Ins Kraut schießende Phantasien
All das geschah mit nervösem Blick auf die sowjetische Propaganda, die unermüdlich und unwiderlegbar auf die organisierte Entwürdigung der Afroamerikaner in den USA hinwies. Milton Friedman konnte 1970 mit einem freundlichen ideologischen Klima rechnen, als er im New York Times Magazine behauptete, die Unternehmen hätten keine andere soziale Verpflichtung als die, Profite zu machen.
Er war das öffentliche Gesicht eines ideologischen Wandels, in dessen Rahmen libertäre Ökonomen wie James Buchanan gemeinsam mit dem rechten Eiferer Charles Koch und Lobbyisten von Firmen wie Shell Oil, Exxon, Ford, IBM, der Chase Manhattan Bank und General Motors mit Hilfe willfähriger Medien und eines neuen Lehrplans für die Wirtschaftswissenschaften an den Universitäten ihre radikalen Vorstellungen verbreiteten.
Das Reagan-Thatcher-Modell [...] setzt eine unvorstellbar große Zahl von Menschen einem vorzeitigen Tod oder einem verzweifelten Existenzkampf aus.
Zum Teil infolge ihres Einflusses und ermutigt durch Reagans und Thatchers Rhetorik, begannen Politiker des gesamten ideologischen Spektrums in den 1980er Jahren, soziale Sicherungen abzubauen, die Arbeitnehmerrechte einzuschränken und die Steuern für die Reichen massiv zu senken.

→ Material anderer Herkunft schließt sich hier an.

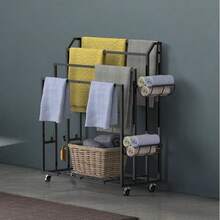 Free Standing Towel Rack For Bathroom, 4 Tier Floor Towel Holder Stand With Storage Shelves, Metal Blanket Rack Holder,Towel Drying And Display Rack Outdoor, Black - 黑色 - 查看 3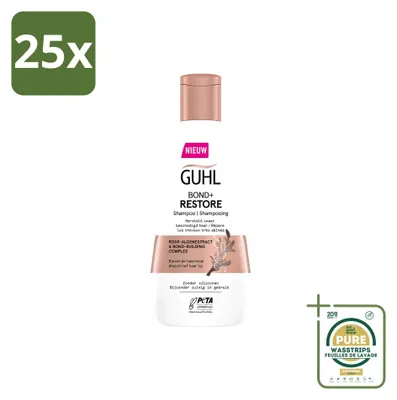 Imagen del producto de 25 champús Guhl Bond+ Restore para cabello dañado, 250 ml cada uno, pack de 25 unidades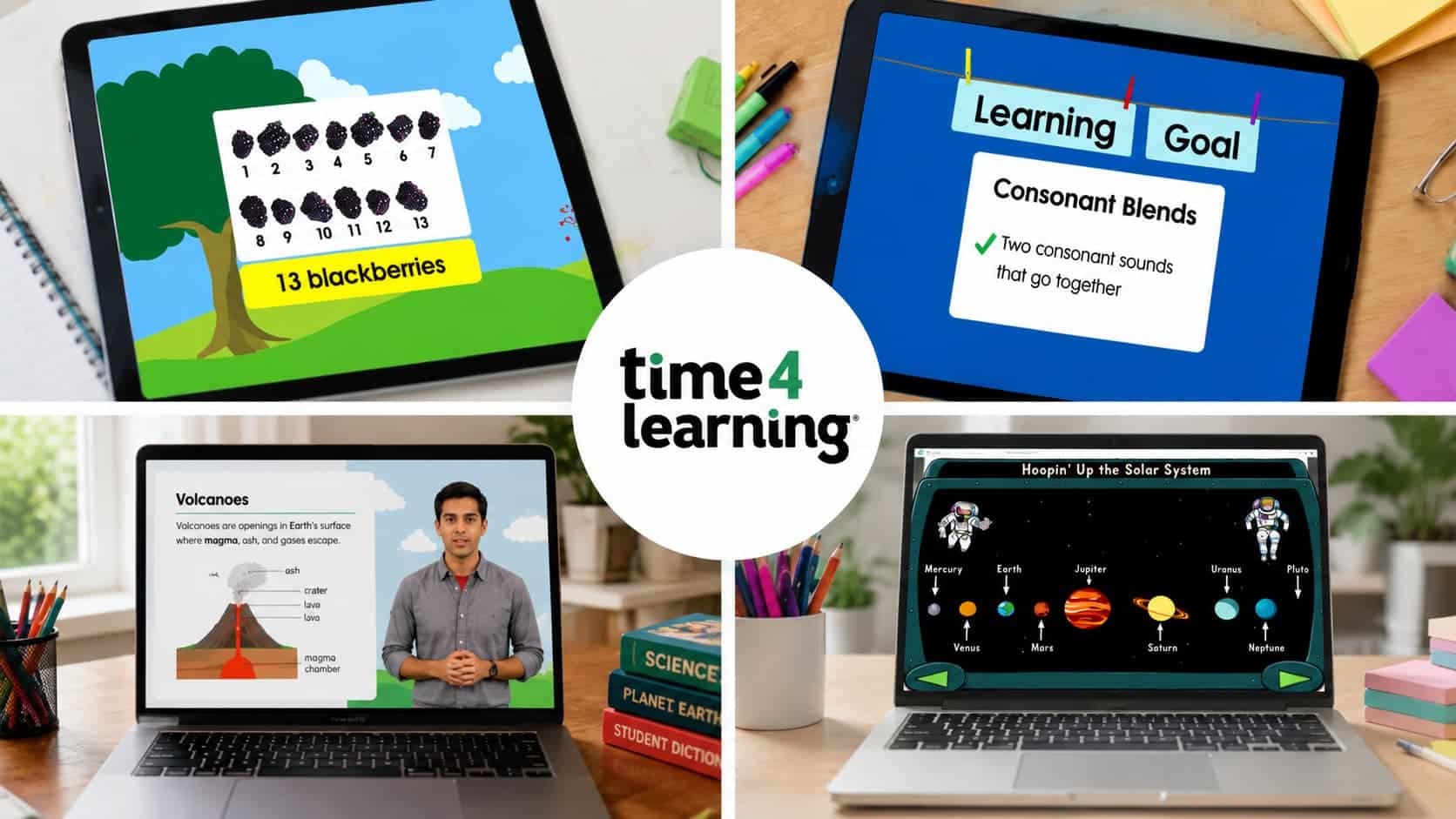 split collage showing four time4learning lesson screens with counting, phonics, science, and solar system activities around the official logo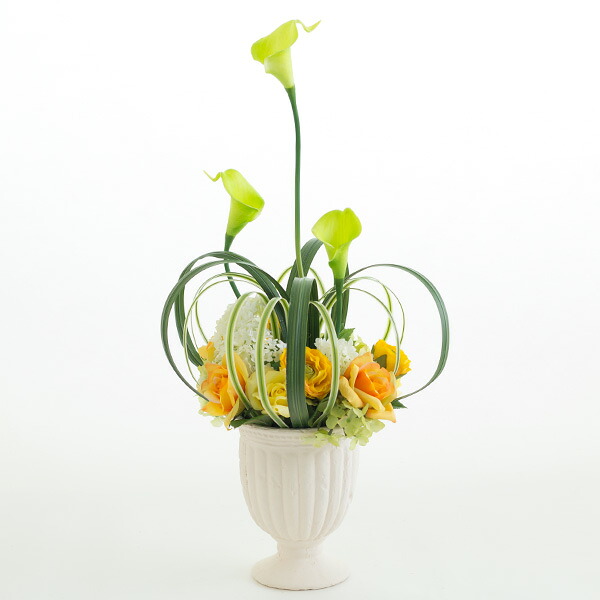 花 フラワーアレンジ ローズ カラー　アートフラワー 造花　消臭抗菌加工　高さ約55cm
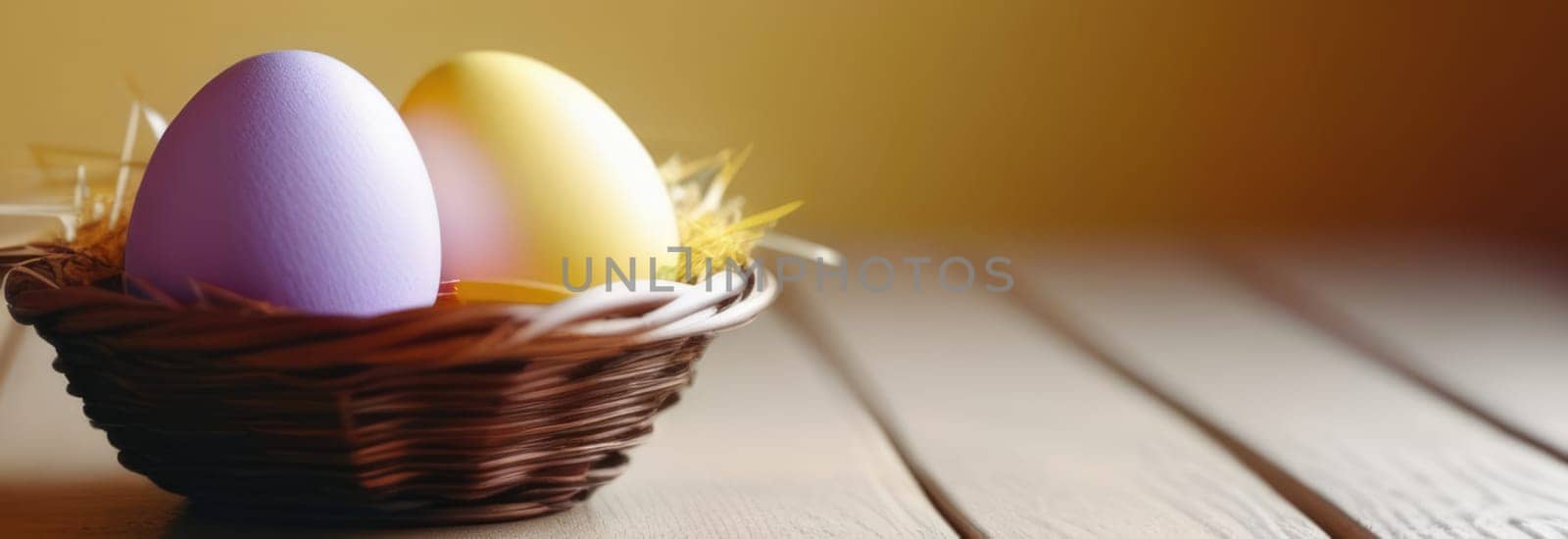 Holiday celebration banner with cute Easter decorated eggs in basket on wooden table. Colorful eggs. Happy Easter greeting card, banner, invitation, festive background, posters wallpaper. Copy space
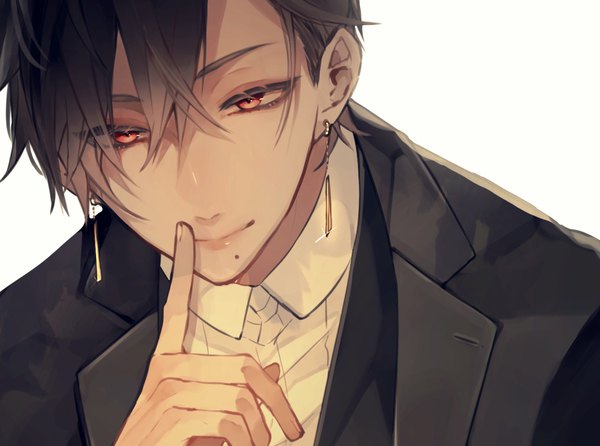 Anime picture 1197x890 with original schwarz ashford zabeo0125 single looking at viewer fringe short hair black hair simple background hair between eyes red eyes white background upper body light smile mole finger to mouth mole under mouth boy earrings suit
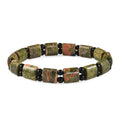 Green Aventurine and Thai Black Spinel Beaded Stretch Bracelet 98.00 ctw - Sticky add to cart bar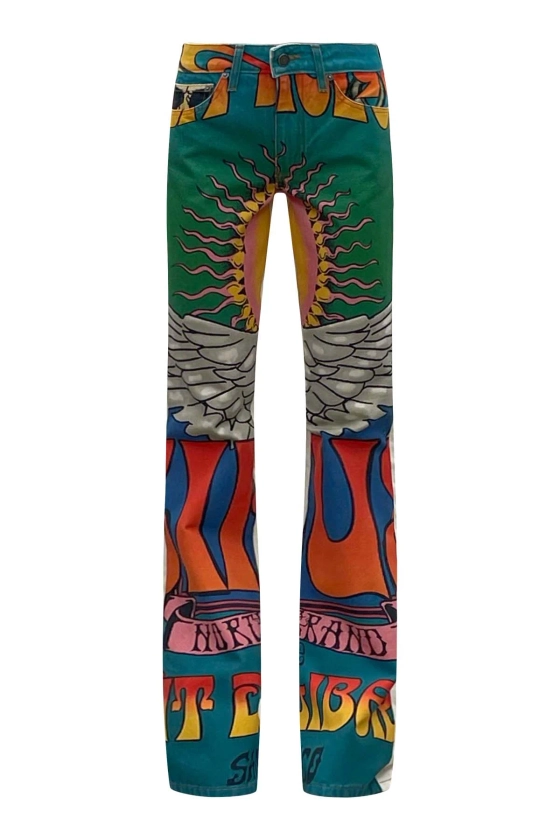 Camila/Circus Print Canvas Boot Cut Pants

Dieser Prozess beschleunigte sich noch nach dem „Sieg“ des Westens im Kalten Krieg, als Phantasien über eine Amerikanisierung der gesamten Welt ins Kraut schossen: „Ich möchte, dass alle Amerikaner werden“, erklärte Thomas Friedman, Globalisierungsberater von CEOs und auf Modernisierung bedachten Despoten, noch 2008.
Von Thatcher und rechten Thinktanks in den USA inspiriert, drängte Tony Blair die staatliche Politik und die Einstellung der britischen Öffentlichkeit noch weiter in Richtung der Vorstellung, staatliche Wohlfahrtssysteme seien eher ein Problem als die Lösung. Über das letzte Jahrzehnt schredderten mehrere aufeinanderfolgende konservative Regierungen im Zuge ihrer „Sparpolitik“ skrupellos, was von den sozialen Sicherungssystemen geblieben war. Sie beschleunigten damit den Verfall Großbritanniens zu einem scheiternden – wenn nicht gar gescheiterten – Staat, der nicht einmal die Versorgung seines Krankenhauspersonals mit Schutzmasken und Handschuhen zu sichern vermag.
In den USA wurde „Sozialhilfe“ durch Reagans Ausfälle gegen „Sozialhilfebetrüger“ („welfare queens“) zu einem Schimpfwort, danach geriet sie unter intensiven Beschuss durch Bill Clinton. Die chaotische Reaktion auf Hurrikan Katrina bewies, dass George W. Bush „sich nicht für Schwarze interessiert“, wie es der (heute umstrittene) Kanye West ausdrückte, während die Nachwirkungen der Finanzkrise zeigten, dass Barack Obama sehr darauf bedacht war, nicht den Eindruck zu erwecken, er interessiere sich allzu sehr für Schwarze. Der schwarze US-Präsident belehrte Afroamerikaner über individuelle Verantwortung, während er seine zukünftigen Zahlmeister an der Wall Street vor dem Ruin rettete.